Claire and Malvern spoke simultaneously. Then Claire controlled her tongue, gathered her courage, and bid farewell to her hopes. “Mr. Malvern, I regret taking up your time today, but I thank you for seeing me. Good afternoon.”
“Wait. Miss Trev—er, Lady Claire. Our interview is not finished.”
“I believe it is. If I am to be dependent on the financing of Lord James, then I prefer to seek employment elsewhere. In any case, he does not believe me capable of carrying out my duties.”

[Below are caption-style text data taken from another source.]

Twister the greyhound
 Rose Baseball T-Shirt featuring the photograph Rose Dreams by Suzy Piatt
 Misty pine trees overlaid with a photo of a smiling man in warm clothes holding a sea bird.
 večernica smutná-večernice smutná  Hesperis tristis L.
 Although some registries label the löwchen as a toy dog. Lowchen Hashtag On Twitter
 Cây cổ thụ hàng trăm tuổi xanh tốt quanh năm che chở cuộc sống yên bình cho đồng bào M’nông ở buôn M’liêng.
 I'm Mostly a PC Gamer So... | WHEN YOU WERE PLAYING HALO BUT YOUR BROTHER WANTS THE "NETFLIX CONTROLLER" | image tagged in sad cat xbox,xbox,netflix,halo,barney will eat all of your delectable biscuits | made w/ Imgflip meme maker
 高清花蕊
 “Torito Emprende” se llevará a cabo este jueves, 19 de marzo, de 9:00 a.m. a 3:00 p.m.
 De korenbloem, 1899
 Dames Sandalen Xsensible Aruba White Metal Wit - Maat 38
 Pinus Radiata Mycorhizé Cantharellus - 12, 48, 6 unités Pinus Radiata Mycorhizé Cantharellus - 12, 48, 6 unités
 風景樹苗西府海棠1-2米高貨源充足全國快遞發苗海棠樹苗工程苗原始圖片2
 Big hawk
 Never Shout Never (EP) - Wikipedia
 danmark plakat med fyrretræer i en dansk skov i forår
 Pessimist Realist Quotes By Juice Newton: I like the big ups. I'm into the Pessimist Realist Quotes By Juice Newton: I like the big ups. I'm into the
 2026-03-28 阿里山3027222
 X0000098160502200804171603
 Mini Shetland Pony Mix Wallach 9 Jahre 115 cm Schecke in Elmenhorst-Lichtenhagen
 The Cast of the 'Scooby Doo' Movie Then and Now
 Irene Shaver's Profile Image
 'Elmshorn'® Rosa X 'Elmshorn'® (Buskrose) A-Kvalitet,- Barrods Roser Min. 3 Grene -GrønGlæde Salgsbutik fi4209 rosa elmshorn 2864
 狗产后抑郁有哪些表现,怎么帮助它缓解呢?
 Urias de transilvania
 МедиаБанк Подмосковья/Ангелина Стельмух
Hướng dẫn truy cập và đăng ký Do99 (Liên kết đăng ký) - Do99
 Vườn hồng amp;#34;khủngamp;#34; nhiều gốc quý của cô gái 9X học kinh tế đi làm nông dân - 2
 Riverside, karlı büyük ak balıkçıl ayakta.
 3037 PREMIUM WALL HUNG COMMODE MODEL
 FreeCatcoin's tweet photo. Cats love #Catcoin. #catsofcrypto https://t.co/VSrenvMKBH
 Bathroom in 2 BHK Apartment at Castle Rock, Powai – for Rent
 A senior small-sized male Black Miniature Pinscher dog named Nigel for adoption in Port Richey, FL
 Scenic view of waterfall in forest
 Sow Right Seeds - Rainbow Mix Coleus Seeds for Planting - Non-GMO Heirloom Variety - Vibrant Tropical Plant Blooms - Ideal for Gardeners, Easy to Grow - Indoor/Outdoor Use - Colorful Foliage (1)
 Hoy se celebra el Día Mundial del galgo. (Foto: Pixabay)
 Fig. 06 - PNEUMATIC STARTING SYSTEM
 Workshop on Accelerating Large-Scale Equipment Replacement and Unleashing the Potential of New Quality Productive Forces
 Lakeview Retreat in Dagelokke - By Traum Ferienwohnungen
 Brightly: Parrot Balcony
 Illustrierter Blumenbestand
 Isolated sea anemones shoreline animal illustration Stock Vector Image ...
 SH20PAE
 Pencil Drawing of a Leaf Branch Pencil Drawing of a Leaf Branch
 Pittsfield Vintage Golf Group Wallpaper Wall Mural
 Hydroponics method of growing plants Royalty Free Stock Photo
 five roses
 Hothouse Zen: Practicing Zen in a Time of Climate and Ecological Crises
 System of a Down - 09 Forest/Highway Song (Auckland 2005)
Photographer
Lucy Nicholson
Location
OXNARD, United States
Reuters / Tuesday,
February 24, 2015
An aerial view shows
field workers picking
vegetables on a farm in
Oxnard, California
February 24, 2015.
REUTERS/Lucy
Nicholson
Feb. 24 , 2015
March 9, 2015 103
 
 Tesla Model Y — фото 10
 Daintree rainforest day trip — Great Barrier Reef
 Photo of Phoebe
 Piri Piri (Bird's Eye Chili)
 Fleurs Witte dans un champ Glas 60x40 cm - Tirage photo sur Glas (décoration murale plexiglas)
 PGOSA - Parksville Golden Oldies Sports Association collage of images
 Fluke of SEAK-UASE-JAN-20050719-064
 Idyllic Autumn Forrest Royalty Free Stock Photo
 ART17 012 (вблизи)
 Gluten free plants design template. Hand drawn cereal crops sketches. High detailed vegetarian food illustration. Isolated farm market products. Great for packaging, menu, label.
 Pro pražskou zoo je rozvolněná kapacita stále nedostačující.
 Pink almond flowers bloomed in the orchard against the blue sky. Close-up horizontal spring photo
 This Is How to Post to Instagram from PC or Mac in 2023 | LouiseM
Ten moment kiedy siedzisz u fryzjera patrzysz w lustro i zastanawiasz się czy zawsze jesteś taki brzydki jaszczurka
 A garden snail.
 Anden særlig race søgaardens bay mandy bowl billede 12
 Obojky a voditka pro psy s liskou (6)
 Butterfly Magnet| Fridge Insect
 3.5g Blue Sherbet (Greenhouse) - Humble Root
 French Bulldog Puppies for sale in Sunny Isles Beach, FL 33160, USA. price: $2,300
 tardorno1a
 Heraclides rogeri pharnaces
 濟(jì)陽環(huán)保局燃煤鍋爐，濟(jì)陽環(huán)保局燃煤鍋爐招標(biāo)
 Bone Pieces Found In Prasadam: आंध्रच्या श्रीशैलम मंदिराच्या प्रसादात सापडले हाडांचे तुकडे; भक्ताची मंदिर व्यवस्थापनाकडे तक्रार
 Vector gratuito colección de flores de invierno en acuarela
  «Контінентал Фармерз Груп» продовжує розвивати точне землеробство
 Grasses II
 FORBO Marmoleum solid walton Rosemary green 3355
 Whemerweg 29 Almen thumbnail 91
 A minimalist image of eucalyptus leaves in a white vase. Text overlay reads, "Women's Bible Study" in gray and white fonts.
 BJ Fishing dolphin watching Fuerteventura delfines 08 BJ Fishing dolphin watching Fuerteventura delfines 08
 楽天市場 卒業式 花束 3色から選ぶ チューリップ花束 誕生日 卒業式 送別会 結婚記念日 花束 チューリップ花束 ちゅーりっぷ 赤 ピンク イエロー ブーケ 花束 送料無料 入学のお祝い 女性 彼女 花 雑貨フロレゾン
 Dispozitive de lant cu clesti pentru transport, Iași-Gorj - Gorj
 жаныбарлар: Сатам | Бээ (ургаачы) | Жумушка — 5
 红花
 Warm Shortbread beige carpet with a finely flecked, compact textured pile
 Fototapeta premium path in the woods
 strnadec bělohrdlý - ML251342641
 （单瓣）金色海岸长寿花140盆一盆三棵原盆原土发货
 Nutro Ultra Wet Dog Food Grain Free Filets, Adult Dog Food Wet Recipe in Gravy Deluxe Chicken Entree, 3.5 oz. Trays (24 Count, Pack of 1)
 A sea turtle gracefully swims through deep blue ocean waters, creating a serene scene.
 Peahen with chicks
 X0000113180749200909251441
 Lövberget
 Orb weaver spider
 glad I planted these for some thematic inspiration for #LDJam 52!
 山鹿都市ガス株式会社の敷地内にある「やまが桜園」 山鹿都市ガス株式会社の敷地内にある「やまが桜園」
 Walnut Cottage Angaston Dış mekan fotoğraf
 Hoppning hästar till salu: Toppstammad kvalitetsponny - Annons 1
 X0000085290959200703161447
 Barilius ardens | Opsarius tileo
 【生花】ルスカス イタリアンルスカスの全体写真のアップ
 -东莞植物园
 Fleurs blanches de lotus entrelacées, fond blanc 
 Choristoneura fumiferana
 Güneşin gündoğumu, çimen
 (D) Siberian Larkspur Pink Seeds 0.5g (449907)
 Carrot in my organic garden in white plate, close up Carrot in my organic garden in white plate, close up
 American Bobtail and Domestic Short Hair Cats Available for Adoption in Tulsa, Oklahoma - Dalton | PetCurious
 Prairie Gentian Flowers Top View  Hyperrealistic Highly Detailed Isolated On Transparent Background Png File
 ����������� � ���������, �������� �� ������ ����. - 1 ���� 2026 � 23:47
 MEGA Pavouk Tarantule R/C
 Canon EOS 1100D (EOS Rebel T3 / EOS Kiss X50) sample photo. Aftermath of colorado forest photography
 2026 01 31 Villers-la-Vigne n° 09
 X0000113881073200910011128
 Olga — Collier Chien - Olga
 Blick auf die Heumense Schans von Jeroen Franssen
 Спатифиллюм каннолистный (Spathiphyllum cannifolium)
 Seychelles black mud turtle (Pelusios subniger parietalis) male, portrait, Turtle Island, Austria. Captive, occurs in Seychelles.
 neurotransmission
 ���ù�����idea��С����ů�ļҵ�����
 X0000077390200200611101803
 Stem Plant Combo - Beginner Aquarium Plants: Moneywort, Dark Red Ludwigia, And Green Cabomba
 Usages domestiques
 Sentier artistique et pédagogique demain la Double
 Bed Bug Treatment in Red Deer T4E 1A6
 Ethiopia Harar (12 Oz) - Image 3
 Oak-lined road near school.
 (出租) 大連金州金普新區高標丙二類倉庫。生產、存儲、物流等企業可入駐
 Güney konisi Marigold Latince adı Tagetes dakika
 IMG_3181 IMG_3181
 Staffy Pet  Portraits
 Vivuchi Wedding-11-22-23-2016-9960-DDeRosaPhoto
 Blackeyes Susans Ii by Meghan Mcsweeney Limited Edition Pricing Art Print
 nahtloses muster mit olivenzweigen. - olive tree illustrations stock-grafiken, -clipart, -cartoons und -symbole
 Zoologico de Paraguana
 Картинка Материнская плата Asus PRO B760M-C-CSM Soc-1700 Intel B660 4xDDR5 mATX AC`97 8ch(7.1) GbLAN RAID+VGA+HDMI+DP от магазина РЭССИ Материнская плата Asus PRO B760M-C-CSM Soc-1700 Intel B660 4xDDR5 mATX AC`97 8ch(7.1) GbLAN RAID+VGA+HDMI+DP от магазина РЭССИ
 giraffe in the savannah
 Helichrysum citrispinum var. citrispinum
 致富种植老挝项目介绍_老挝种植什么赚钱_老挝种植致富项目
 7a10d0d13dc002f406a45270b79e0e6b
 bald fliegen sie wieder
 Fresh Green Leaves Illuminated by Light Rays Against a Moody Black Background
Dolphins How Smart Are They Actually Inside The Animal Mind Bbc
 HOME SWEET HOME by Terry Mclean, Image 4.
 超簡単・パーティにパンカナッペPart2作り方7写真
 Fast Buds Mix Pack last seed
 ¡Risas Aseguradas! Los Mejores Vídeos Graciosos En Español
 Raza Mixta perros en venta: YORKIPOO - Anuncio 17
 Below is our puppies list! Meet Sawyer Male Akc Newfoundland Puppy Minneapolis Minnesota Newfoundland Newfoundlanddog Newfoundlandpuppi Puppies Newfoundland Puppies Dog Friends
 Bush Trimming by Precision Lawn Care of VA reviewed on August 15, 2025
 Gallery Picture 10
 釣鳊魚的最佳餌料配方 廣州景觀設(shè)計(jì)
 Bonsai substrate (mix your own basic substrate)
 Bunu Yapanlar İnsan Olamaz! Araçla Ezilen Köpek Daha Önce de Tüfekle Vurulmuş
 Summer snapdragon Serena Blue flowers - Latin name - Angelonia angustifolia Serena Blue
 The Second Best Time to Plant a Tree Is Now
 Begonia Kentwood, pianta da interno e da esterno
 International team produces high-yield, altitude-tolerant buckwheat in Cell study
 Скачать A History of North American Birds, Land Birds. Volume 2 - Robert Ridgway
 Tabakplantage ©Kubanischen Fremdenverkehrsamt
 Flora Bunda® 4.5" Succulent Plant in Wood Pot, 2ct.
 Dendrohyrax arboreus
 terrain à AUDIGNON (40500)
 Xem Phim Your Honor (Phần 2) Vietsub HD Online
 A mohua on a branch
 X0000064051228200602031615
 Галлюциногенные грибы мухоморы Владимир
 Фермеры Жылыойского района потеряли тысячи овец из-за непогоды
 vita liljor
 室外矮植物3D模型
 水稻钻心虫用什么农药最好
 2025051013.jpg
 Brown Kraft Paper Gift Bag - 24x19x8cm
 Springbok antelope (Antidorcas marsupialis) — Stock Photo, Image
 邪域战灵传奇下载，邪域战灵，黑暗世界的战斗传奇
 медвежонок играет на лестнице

“But he’s not—Miss Trevelyan, wait—”
She reached behind and twitched the hem of her grey suit out of any possible reach of Lord James’s patent-leather shoes, and swept down the stairs. Malvern darted after her, but Lord James caught his arm and their raised voices followed her out of the warehouse, muffled only by the slam of the exterior door.
She ignited the landau and drove back to Wilton Crescent as fast as she dared, where she found Mrs. Morven in the kitchen preparing dinner.
“Mrs. Morven. Are you still set on taking employment with Lord James Selwyn?”
“Yes, miss.” The cook eyed her disheveled state, for she had not stopped to put on her motoring duster at the warehouse. “Why do you ask?”
“My advice has changed. Ask for twenty-five percent more, Mrs. Morven, not ten. And you have my congratulations and my deepest sympathy should you get the job.”